- C 746話 集え、我が猛者ども 6 -
何百発? いや、集中された銃弾が、やや赤みがかった壁のような“力”によって止められた。
運動エネルギーが瞬時にゼロにされたような。
いや、今も火薬の燃焼と発したガスのエネルギーで、弾丸は前に進もうと藻掻いている。
しかし、それを同じ力で押し戻そうとするもので遮られていた。
「これが魔法城壁だ!!」
魔術師が『滅』と叫ぶ。
数百の弾丸が消し炭になって消えた。
「悪いが蒸発させた。俺は奇術師の類じゃないからな、こういう方が得意なんだ。...っさて、物覚えが悪い俺に今一度、何が欲しいか言ってくれ。白服どもは何が遣りたいんだっけか?」
これは優しく尋ねてる方。
ま、調子に乗れば...。
銃弾と同じ末路を千人の兵士と共に味わう事になる。
◆
そんなごたつきが、布哇の浮島なんかで発生しているとは露知らず。
聖櫃の総長ことメルリヌスは、清浄油まみれの匂いの中で左右に揺れてた――何といっても、心地よい金属音が聞こえ、どんな香水や香木よりも、エンジンオイルが大好きな変態である。粘り気のあるグリスや、雑味の無いさらっとしたオイルの中でなら、ぐっすり安眠もできる。
「いや、めっちゃ変態った娘だな」
そんなささやかな事で、驚きなさんな。
機械いじりの好きな女の子だっているって話さね。
雅な和装に馴れはしなかったけど。
ツナギが壁に掛かってるのを目撃するや否やで、ひっととび。
これ、着てもいいですか?
袖通していいですか、今、パンツ一枚の肌着になりますんで着ちゃいますね。
なんて早口も早口。
まくし立てながら、ぽんぽん服を脱ぎ捨てる子がある。
「やっぱ、変態じゃねえか」
「うん。

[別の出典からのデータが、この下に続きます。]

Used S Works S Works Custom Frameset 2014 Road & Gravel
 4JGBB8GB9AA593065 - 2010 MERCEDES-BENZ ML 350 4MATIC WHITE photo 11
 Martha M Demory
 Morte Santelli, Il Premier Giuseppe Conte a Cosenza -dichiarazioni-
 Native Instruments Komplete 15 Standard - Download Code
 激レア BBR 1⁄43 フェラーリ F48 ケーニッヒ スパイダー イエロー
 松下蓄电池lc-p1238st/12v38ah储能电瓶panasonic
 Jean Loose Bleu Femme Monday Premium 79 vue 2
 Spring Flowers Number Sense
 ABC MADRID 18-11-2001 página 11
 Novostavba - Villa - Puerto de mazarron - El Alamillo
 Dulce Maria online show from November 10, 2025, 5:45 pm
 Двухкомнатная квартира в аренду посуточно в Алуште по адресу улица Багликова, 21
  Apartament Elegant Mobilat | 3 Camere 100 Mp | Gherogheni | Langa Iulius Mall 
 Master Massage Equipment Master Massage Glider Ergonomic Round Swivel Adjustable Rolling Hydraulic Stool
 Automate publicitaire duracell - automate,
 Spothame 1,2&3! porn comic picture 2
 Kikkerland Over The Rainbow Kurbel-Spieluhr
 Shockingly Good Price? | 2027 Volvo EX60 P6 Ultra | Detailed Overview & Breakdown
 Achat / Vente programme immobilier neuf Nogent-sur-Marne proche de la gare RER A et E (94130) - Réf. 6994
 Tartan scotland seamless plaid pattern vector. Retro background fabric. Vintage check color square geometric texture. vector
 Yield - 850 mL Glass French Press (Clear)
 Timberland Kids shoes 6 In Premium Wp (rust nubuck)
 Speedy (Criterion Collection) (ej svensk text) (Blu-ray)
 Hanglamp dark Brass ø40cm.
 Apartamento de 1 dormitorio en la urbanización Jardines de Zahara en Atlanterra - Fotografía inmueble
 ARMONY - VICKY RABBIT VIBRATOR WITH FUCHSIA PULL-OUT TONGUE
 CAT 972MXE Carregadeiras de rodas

そうだった」
軍団長も呆れたけど。
整備班長が騒ぎつかれてて...
「洗濯前だぞ、それ!! 着るんなら新しいのを」
ビニールに包まれた新品を抱える兵士とか。
ローテで夜勤の青年兵が「俺のがねぇー!!!」って騒ぐもんまで、一動作。
「へっへ~ん、これがいいんだもん!」
油まみれの両手で鼻の頭を擦る。
そりゃみたことかと、黒いオイルが顔に真一文字を描いてて。
「ううう~ん最高! この匂いが最高!!!」
格納庫に天使が舞い降りてます。
◇
踊る食堂、凍る沿岸警備兵。
「で、このまま停船してても“こちら”は、構わないんですけど。どうしますか?」
どうしますかってのは、訓練海域にまで足を伸ばして職務、果たされますかってトコまで入る。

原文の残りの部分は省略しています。